**PROVIDED ENTRIES**
▬▬▬

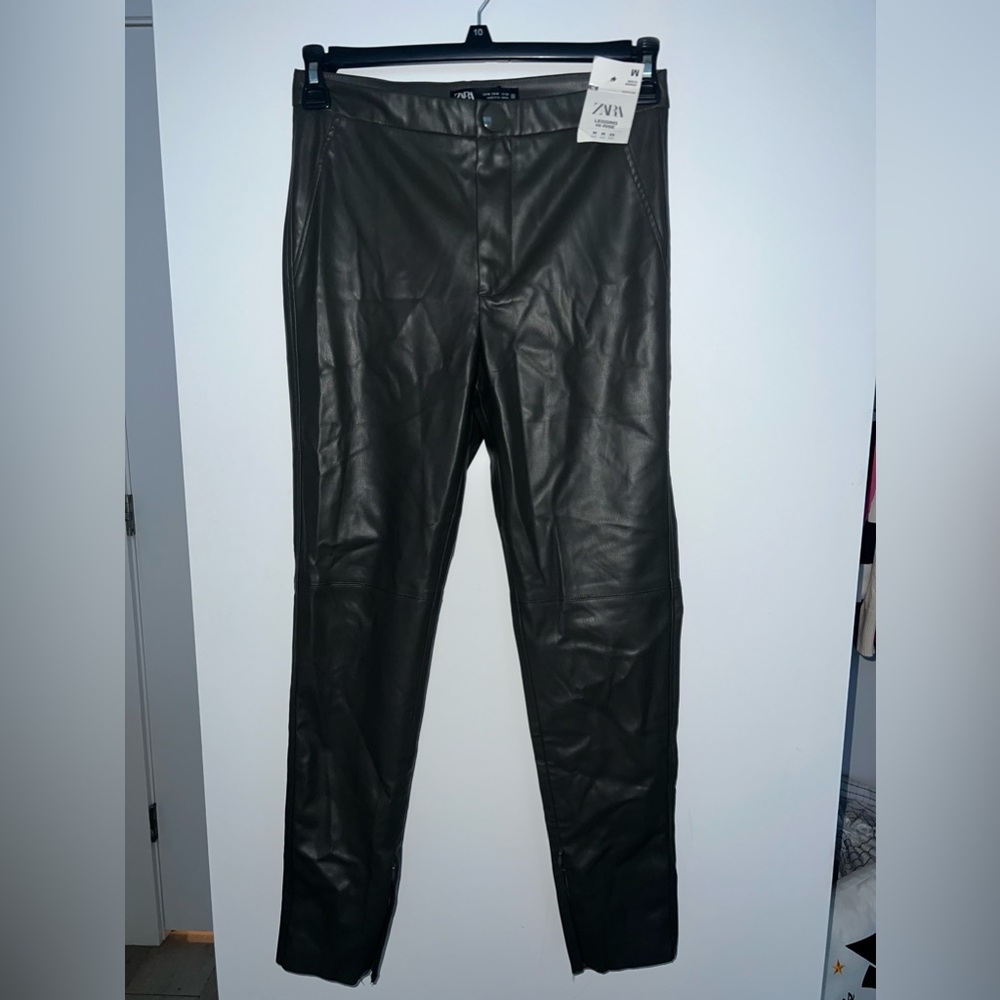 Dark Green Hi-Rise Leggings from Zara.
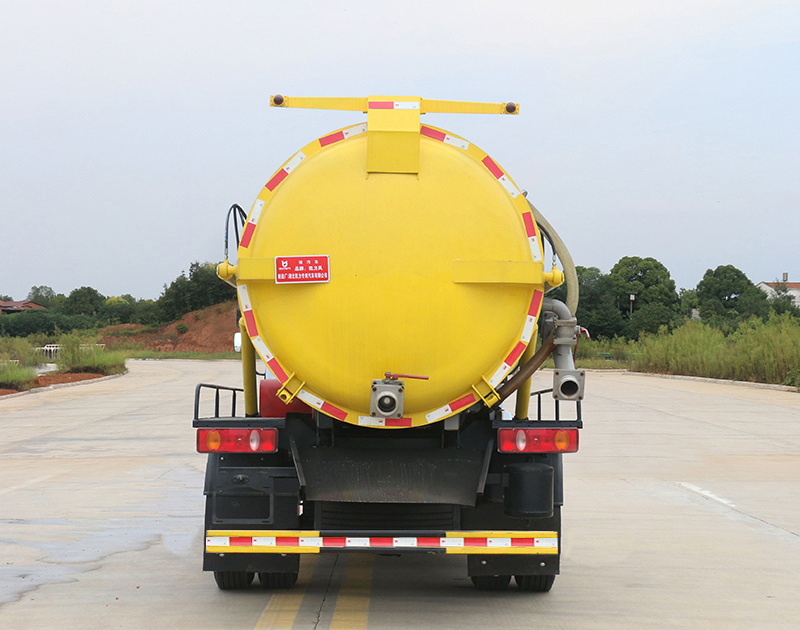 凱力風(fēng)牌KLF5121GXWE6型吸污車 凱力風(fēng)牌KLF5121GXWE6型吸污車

▬▬▬

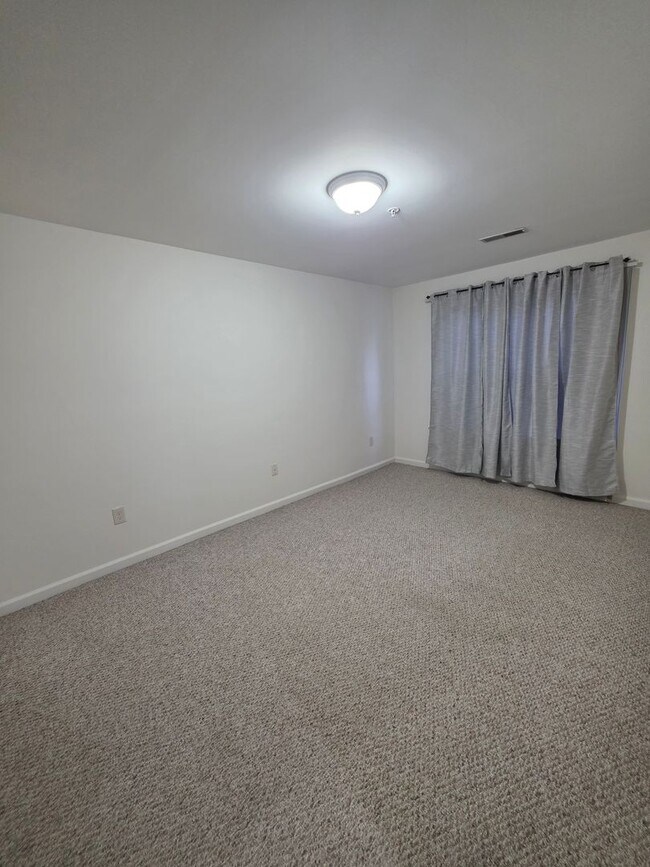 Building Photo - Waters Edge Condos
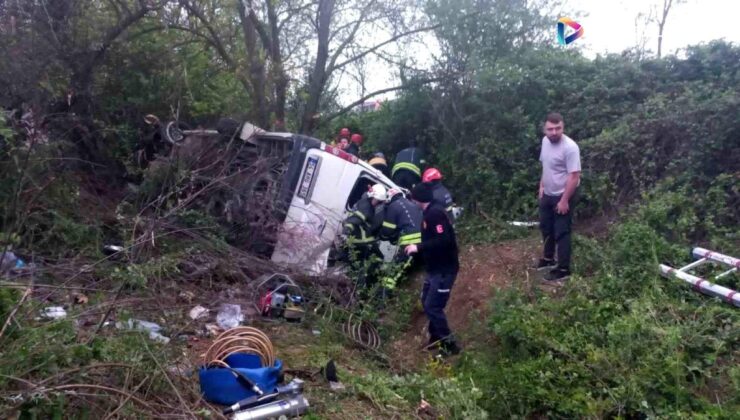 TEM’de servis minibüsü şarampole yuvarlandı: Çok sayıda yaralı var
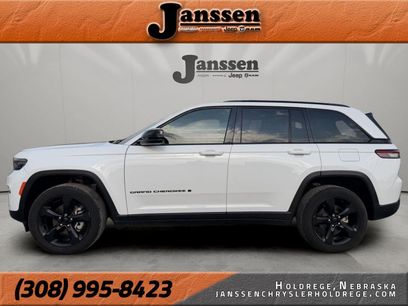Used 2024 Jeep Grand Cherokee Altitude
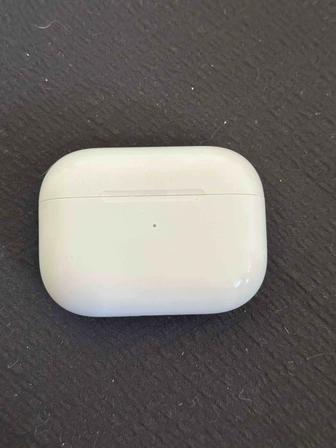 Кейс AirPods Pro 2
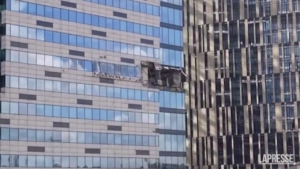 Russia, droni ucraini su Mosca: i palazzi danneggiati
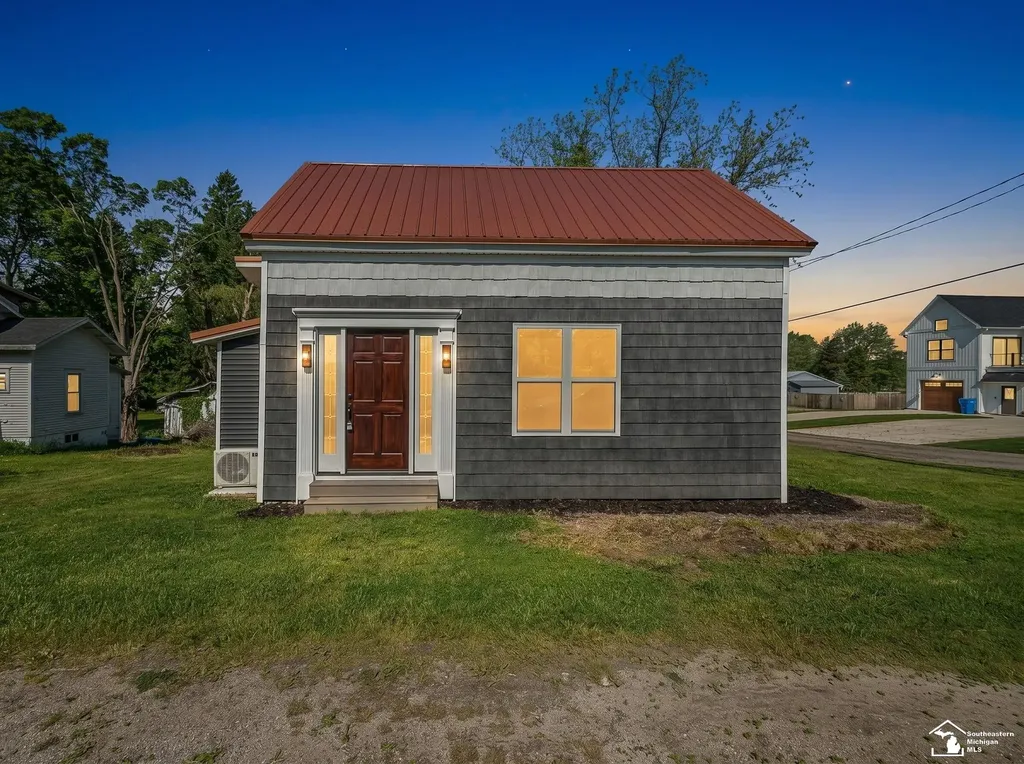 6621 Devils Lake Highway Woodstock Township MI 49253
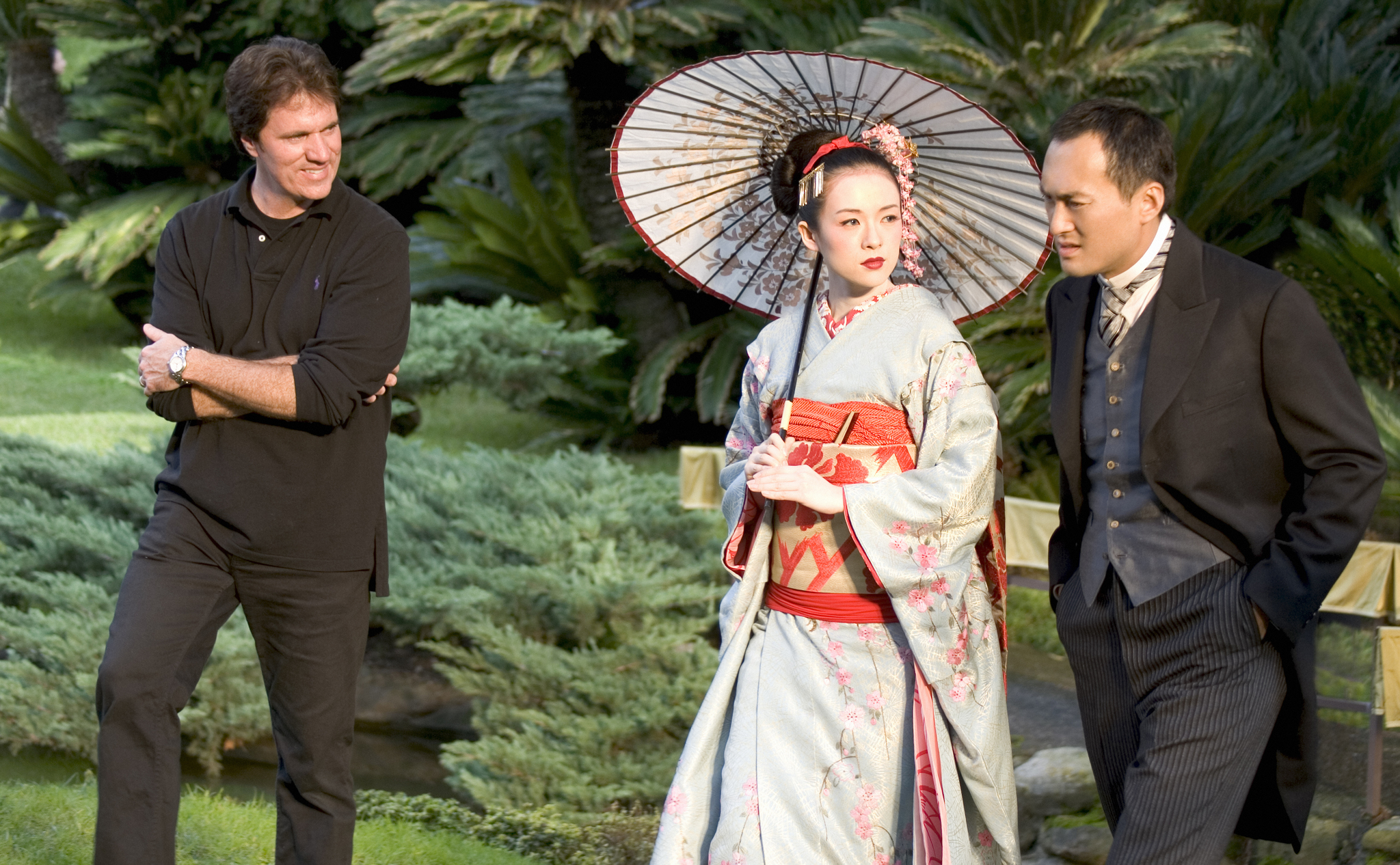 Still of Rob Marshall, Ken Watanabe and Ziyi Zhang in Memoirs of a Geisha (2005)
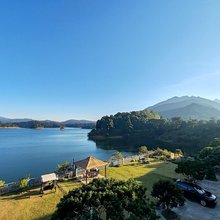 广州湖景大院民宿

▬▬▬

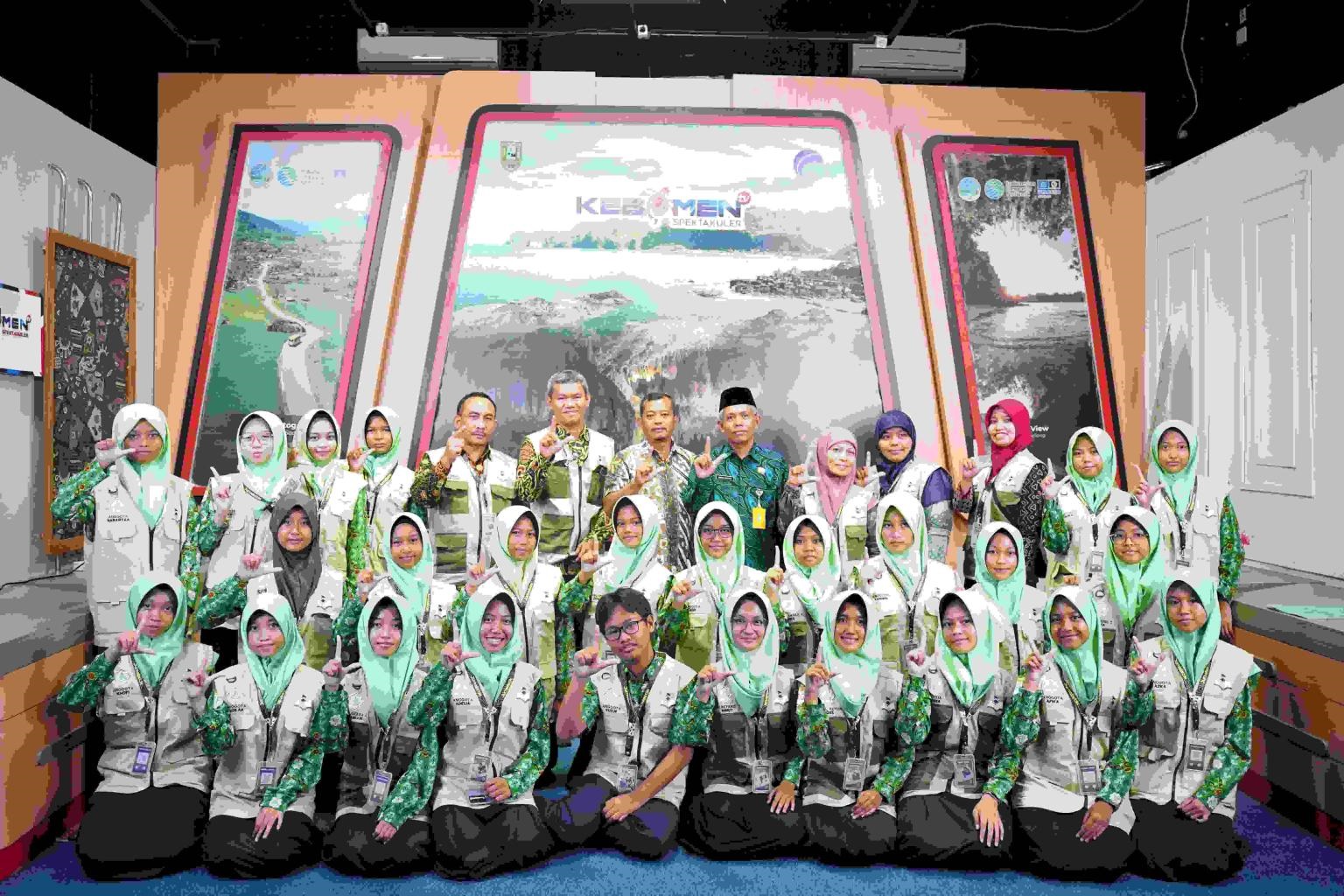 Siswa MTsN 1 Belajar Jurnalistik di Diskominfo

▬▬▬

**EXERCISE BRIEF**
In the entries above, find the line with "Dark Green Hi-Rise Leggings from Zara." and the line with "凱力風(fēng)牌KLF5121GXWE6型吸污車 凱". Return exactly those lines and all the ones between them, pictures excluded.

**EXPECTED ANSWER**
 Dark Green Hi-Rise Leggings from Zara.
 凱力風(fēng)牌KLF5121GXWE6型吸污車 凱力風(fēng)牌KLF5121GXWE6型吸污車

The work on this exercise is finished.